Work to complete:
Using the listing below, set down exactly the lines starting at the line that contains "próximo ano Jorge" and ending at the line that contains "INOUT - 雪拉碗手把皮套", both included, and no others.

Data to examine:

[Start of Attachment]

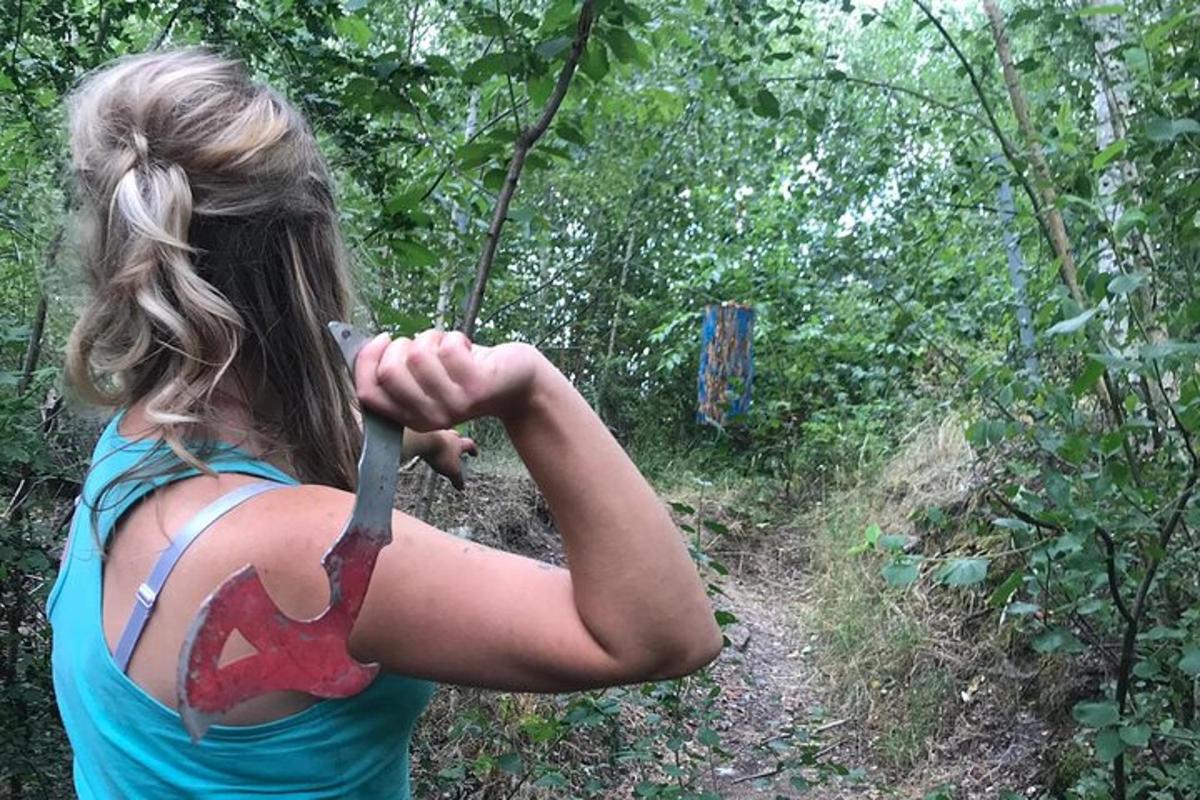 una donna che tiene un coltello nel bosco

[End of Attachment]
[Start of Attachment]

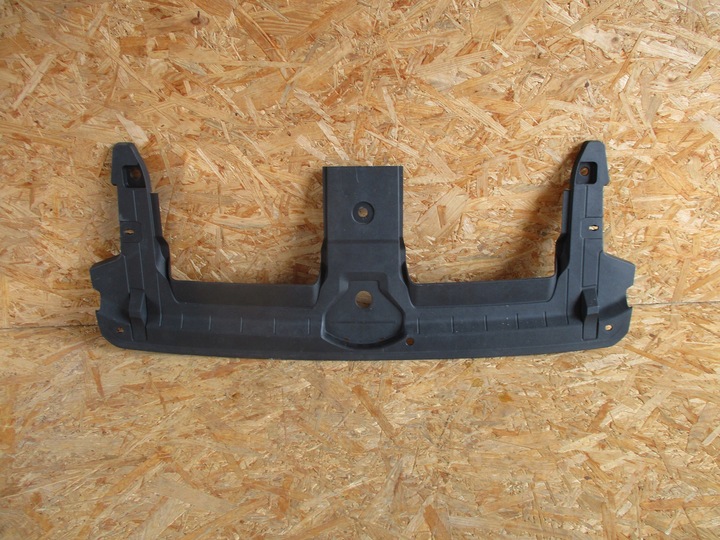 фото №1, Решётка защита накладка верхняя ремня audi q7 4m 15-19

[End of Attachment]
[Start of Attachment]

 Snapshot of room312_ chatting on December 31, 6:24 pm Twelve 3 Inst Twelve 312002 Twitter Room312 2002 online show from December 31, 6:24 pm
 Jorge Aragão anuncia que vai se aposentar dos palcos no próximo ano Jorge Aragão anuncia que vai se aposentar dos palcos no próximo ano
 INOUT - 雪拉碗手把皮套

[End of Attachment]

Finished task:
 Jorge Aragão anuncia que vai se aposentar dos palcos no próximo ano Jorge Aragão anuncia que vai se aposentar dos palcos no próximo ano
 INOUT - 雪拉碗手把皮套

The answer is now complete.